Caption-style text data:
—————

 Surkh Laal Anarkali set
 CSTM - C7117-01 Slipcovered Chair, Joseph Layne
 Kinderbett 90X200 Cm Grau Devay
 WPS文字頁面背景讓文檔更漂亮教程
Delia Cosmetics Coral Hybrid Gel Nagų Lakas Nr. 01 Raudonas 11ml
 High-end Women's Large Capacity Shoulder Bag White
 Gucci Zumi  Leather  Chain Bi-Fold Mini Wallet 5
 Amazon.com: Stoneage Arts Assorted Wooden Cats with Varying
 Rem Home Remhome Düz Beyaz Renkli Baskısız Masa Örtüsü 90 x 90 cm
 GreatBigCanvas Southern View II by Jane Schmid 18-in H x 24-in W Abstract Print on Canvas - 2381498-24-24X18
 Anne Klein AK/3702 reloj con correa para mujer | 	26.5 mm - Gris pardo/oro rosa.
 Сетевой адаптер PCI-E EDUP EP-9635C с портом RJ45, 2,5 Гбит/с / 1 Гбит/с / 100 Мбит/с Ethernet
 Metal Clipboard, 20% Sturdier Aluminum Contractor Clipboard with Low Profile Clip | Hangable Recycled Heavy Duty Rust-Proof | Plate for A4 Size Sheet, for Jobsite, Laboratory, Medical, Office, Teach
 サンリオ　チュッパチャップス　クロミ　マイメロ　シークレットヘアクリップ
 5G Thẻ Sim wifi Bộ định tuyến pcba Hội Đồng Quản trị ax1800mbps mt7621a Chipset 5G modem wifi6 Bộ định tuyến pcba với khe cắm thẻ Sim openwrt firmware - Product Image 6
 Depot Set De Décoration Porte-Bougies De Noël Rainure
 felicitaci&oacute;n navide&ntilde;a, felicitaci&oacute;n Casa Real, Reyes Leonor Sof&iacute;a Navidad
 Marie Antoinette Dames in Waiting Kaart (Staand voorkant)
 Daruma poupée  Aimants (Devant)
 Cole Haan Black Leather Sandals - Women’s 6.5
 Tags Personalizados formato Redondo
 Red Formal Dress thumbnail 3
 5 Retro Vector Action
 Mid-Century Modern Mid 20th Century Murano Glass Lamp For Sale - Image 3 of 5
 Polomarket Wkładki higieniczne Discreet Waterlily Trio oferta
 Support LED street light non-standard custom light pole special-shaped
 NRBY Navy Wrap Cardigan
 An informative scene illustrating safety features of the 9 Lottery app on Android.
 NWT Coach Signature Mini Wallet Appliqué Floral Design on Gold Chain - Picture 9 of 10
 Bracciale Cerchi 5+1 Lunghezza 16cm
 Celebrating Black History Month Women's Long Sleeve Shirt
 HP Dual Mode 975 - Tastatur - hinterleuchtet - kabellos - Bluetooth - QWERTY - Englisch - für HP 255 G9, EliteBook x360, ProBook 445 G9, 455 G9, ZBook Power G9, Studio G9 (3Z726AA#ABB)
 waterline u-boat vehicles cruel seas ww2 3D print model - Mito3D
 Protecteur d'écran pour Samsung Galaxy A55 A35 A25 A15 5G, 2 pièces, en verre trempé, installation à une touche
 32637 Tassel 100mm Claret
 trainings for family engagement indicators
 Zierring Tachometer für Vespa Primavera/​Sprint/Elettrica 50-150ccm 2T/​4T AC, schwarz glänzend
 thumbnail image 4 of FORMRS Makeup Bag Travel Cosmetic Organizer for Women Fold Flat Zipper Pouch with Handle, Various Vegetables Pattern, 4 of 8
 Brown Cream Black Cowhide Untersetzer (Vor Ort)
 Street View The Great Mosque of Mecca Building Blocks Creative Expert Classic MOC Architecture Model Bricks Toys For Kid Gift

—————

- **WORK TO BE COMPLETED**: The count of lines above that include the string "Mini" is the sole expected answer.

- **ANSWER BOX**: 2